We live in a world where all digital systems are powered by metadata. This metadata is everywhere, and sometimes in places you don’t even expect.
Metadata has been with us since the first librarian made a list of the items on a shelf of handwritten scrolls. The term "meta" comes from a Greek word that denotes "alongside, with, after, next,” and that it comes often in two forms: elements in a record alongside the item, or embedded within the item itself—The Dublin Core Metadata Initiative
Sometimes this metadata is visible to the end user for search, but often, there’s a lot of ‘behind-the-scenes’ metadata as well; metadata that provides valuable business information about rights management, asset creation and distribution, preservation, provenance, authorship, and more.
Why embedded metadata matters
Metadata is the driving force behind digital asset management, but not everyone understands how embedded metadata can be utilized to help with DAM usage. Yet there are many freely-available tools such as Phil Harvey’s EXIFTool or Python scripts to edit, apply, and manage metadata to help improve the overall DAM experience.

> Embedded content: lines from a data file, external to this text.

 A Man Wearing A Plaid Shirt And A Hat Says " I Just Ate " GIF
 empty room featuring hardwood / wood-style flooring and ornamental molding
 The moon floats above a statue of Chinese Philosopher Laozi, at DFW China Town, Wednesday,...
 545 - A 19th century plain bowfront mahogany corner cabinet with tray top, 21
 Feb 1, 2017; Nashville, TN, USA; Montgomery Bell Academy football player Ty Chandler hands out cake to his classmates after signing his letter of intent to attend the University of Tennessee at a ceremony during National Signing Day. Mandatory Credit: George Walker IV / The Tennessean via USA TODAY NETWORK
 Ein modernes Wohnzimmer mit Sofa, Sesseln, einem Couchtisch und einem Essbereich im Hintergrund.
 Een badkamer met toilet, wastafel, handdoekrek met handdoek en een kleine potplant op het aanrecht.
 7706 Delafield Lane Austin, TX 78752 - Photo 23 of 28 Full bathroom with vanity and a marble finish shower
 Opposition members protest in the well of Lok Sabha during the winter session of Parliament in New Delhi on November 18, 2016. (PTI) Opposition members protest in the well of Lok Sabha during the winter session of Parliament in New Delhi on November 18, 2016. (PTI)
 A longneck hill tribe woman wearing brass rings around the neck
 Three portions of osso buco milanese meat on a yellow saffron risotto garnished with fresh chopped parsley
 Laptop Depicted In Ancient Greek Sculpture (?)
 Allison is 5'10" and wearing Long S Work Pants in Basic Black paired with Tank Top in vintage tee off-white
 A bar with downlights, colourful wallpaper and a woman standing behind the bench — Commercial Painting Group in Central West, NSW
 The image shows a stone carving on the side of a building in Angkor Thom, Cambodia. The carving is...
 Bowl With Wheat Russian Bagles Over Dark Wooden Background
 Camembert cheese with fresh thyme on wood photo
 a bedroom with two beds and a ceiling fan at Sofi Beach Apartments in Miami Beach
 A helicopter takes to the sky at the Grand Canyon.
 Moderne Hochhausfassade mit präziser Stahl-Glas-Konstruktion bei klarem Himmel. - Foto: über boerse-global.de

The embedded metadata exercises in this post can be applied to a number of different goals, so think of them as building blocks for your own embedded metadata workflows.
Example use-cases for embedded metadata
- Importing/exporting data to and from various systems
- Discovering the origin of digital asset collections for audit
- Using embedded metadata to standardize file-naming
Where does metadata live?
There are many different types of metadata, most often broken out into three main categories: descriptive metadata, structural metadata, and administrative metadata. Metadata can live within files as embedded metadata actually stored in the file itself, or it can also live outside of the file.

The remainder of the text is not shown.